Search for Tonganoxie city water leak leads to historical discovery
City workers’ recent search for a water leak in downtown Tonganoxie revealed a much more interesting discovery.
Public works department officials noticed water at Fourth and Delaware streets during the past couple months, but they weren’t sure where it was coming from.
Initially city officials thought springs throughout the city were the source, said City Superintendent Kent Heskett. But tests found that there was chlorine in the water — an indication it was treated water coming from the city’s water system.
“It came to a point we had to dig,” Heskett said.
Crews dug into the intersection, but couldn’t find the leak. What they did find: a 12-foot by 16-foot cistern that city officials believe dates to the 1880s.

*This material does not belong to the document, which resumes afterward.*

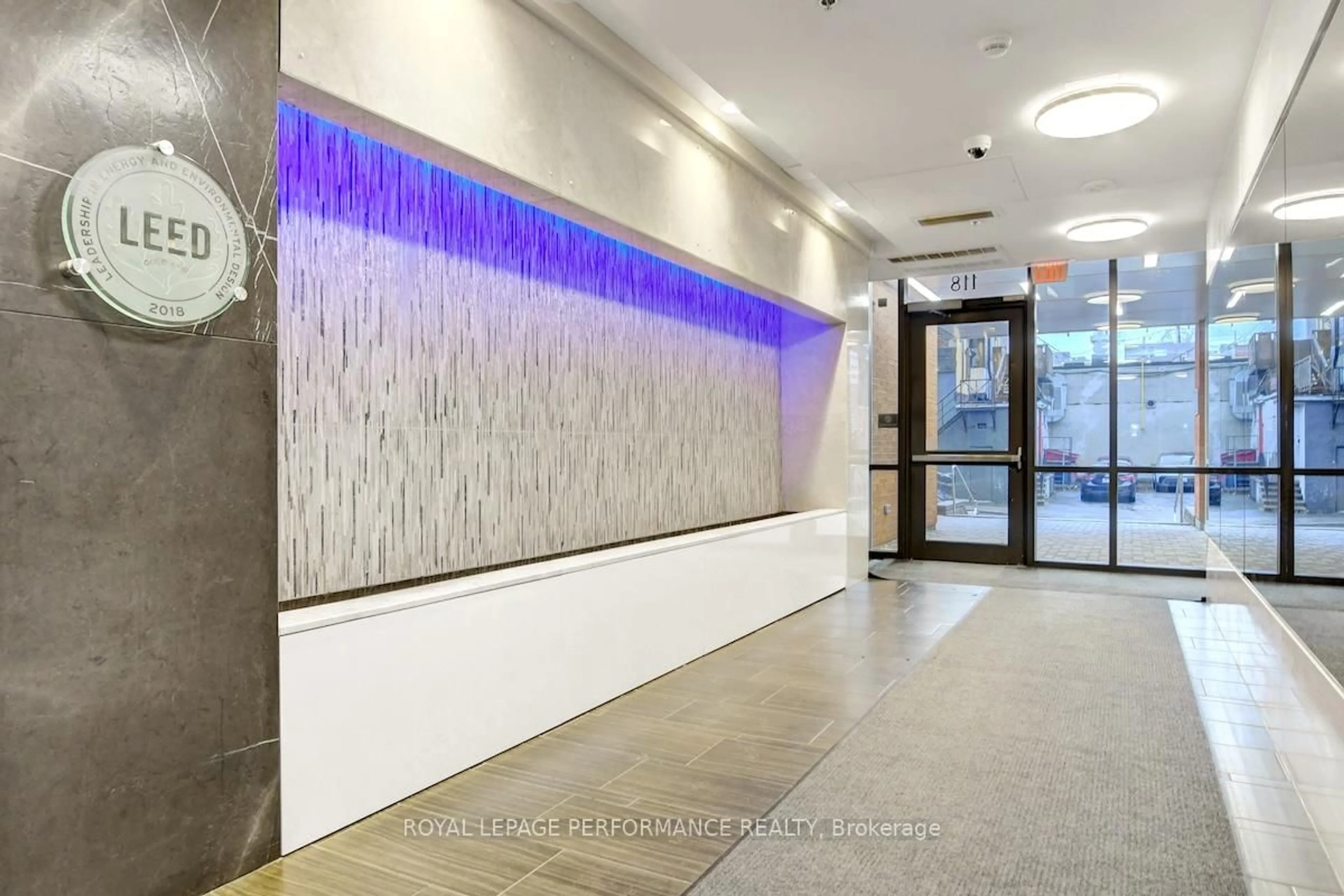 Indoor foyer for 118 Holmwood Ave #1004, Ottawa Ontario K1S 5J5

According to an article in a 1927 issue of The Mirror, cisterns, or watertight receptacles used for storing water underground, and individual wells first furnished the city’s water supply. In 1883-84, according to the article, two cisterns were dug in the middle of the street for fire protection. In 1883, workers drilled a test well that went to a depth of 885 feet, the article said.

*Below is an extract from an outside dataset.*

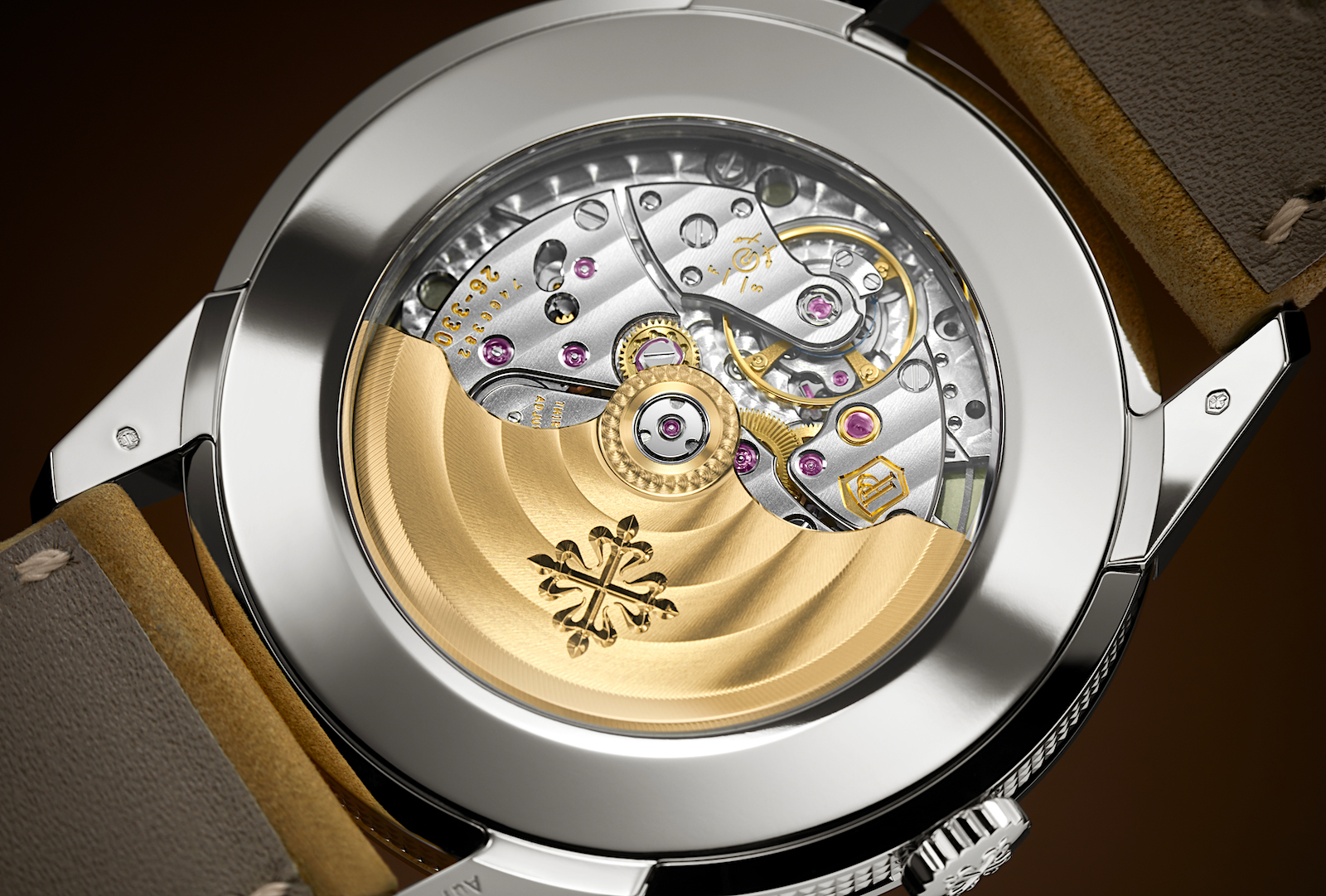 Patek Philippe Calatrava 5226G-001 - caseback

The cistern at Fourth and Delaware is thought to be the original. State regulation requires they be filled once they are exposed. Crews filled it with bricks from the cistern and sand, topping it with flow fill, a concrete material.

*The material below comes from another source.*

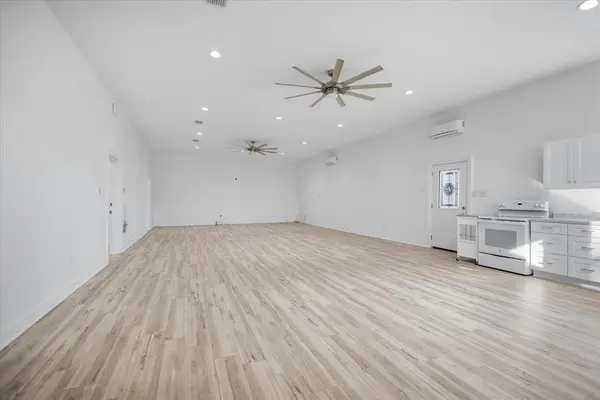 6990 Pin Oak Road, Big Sandy, TX 75755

“I just think it’s a good idea anyway,” Heskett said. “Once it’s exposed, it’s a good idea to fill them at an intersection like that.”
Heskett said he knew before digging that the cistern was under the intersection, he just wasn’t sure exactly where.
The leak’s origin still remained a mystery, but the culprit, a broken drain tile under the sidewalk just west of the intersection, was found with help from the Kansas Rural Water Association.
The association has a leak detector that got to within 6 inches of the actual leak, which was in front of Robin Jones’ Farm Bureau Insurance office.
Crews tended to another water leak last week south of U.S. Highway 24-40 and Smiley Road.
Heskett said the dry ground was to blame for that leak.
“It pulled a water fitting lose from the pipe,” he said.